This tutorial demonstrates how to use KinFu Large Scale to produce a mesh (in meters) from a room, and apply texture information in post-processing for a more appealing visual result. The first part of this tutorial shows how to obtain the TSDF cloud from KinFu Large Scale. The second part shows how to convert the TSDF cloud into a uniform mesh. The third part shows how to texture the obtained mesh using the RGB images and poses we obtained from KinFu Large Scale.
This section describes the TSDF Cloud, which is the expected output of KinFu Large Scale. A TSDF cloud looks like the one in the following video.
You may be wondering: “What is the difference between a TSDF cloud and a normal point cloud?” Well, a TSDF cloud is a point cloud. However, the TSDF cloud makes use of how the data is stored within GPU at KinFu runtime.
Figure 1: The cube is subdivided into a set of Voxels. These voxels are equal in size. The default size in meters for the cube is 3 meters per axis. The default voxel size is 512 per axis. Both the number of voxels and the size in meters give the amount of detail of our model.
As you may already know, the way in which the TSDF volume is stored in GPU is a voxel grid. KinFu subdivides the physical space of the cube (e.g. 3 meters) into a voxel grid with a certain number of voxels per axis (say, 512 voxels per axis). The size in meters of the cube and the number of voxels give us the resolution of our cube. The quality of the model is proportional to these two parameters. However, modifying them affects directly the memory footprint for our TSDF volume in GPU. Further information on these properties can be found in the relevant papers.
At the time of data extraction, the grid is traversed from front to back, and the TSDF values are checked for each voxel. In the figure below, you may notice that the values range from -1 to 1.
Figure 2: A representation of the TSDF Volume grid in the GPU. Each element in the grid represents a voxel, and the value inside it represents the TSDF value. The TSDF value is the distance to the nearest isosurface. The TSDF has a positive value whenever we are “in front” of the surface, whereas it has a negative value when inside the isosurface. At the time of extraction, we avoid extracting the voxels with a value of 1, since they represent empty space, and are therefore of no use to our model.
Since we want to minimize the required bandwidth between GPU and CPU, we will only extract the voxels with a TSDF value in the range [-1, 0.98]. We avoid extracting voxels with a value of 1 because they represent empty space.
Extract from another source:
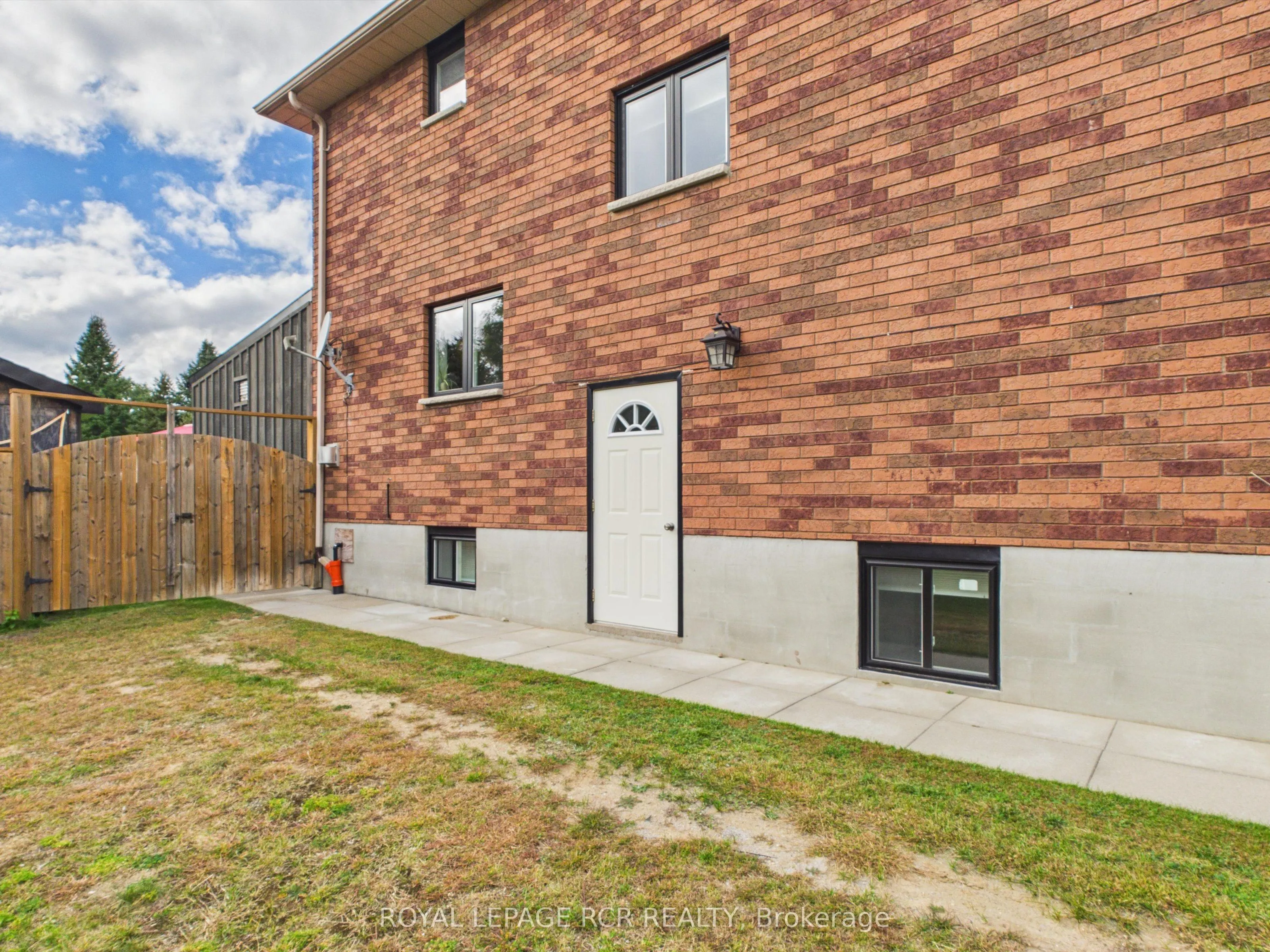 16 Loree Drive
In this way we ensure that we only extract those voxels that are close to the isosurface. The TSDF cloud is not in meters. The X,Y,Z coordinates for each of the extracted points correspond to the voxel indices with respect to the world model.
As mentioned above, the TSDF cloud is a section of the TSDF volume grid; which is why the points are equally-spaced and uniformly-distributed. This can be observed when we zoom in the point cloud.
Finally, we are ready to start KinFu Large Scale. After building the trunk, we will call the application:
$ ./bin/pcl_kinfu_largeScale -r -et
The -r parameter enables registration, which is used for texture extraction. In particular, it allows us to extract the correct focal length. The -et parameter enables the texture extraction. By enabling this option, we will extract RGB images at the same time that we are scanning. All the RGB snapshots are saved in the KinFuSnapshots folder. Each RGB image will be saved with its corresponding camera pose. It is suggested to empty this directory before starting the scan, in this way we avoid using textures that do not correspond to our latest scan.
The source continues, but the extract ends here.